● **Data extract**:
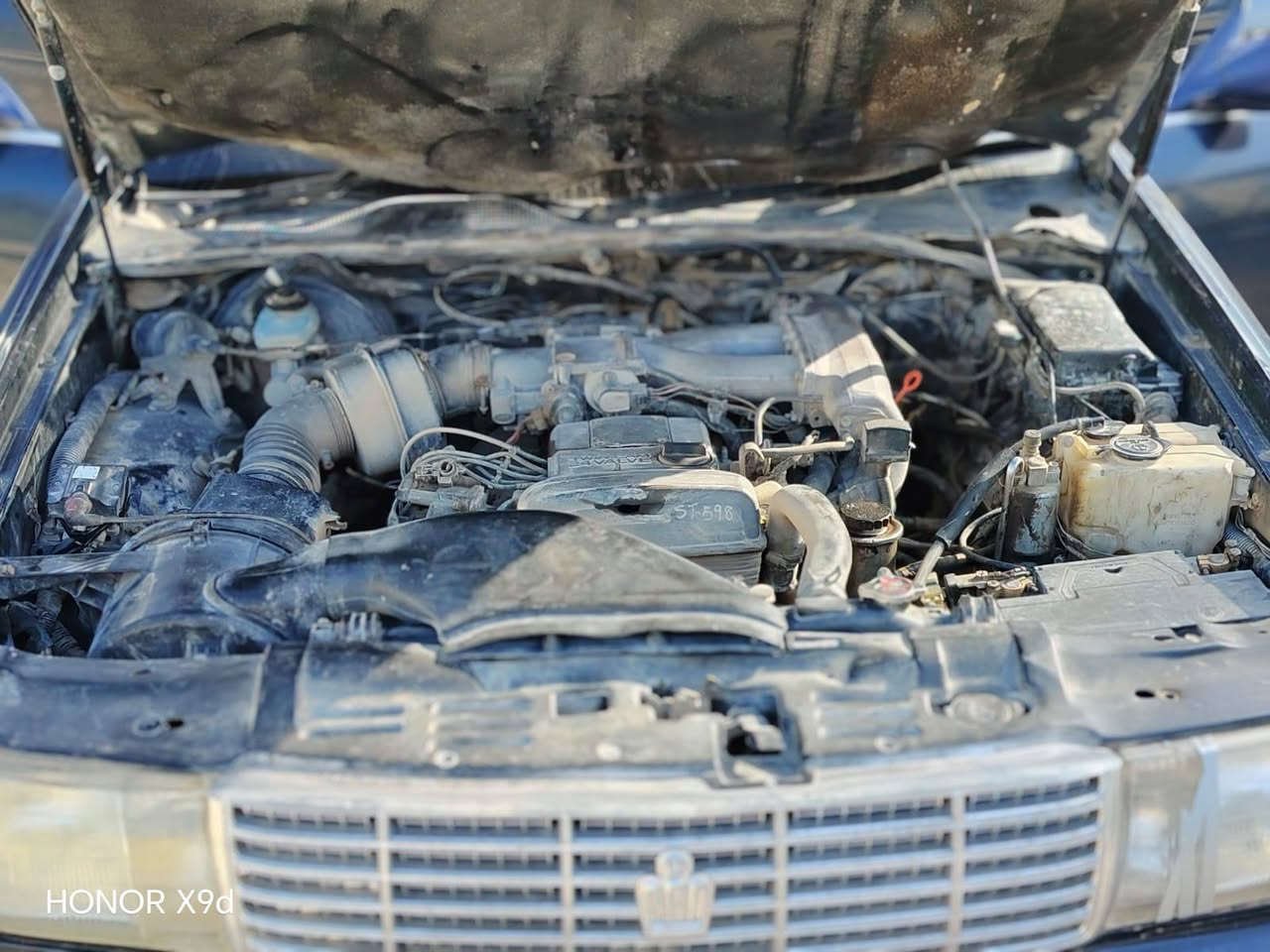 السلام عليكم 
سيارة بطه موديل 95 مكفولة كير محرك  لاكصة ولاجثة السيارة فقط مرشوشه جماليه السعر 48بي مجال العنوان الموصل 
التلفون ***********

● **Exercise directions**: Your answer should hold only the lines from the one with "سيارة بطه موديل" through the end of the listing above, both ends included, written out exactly.

● **Finished exercise**:
سيارة بطه موديل 95 مكفولة كير محرك  لاكصة ولاجثة السيارة فقط مرشوشه جماليه السعر 48بي مجال العنوان الموصل 
التلفون ***********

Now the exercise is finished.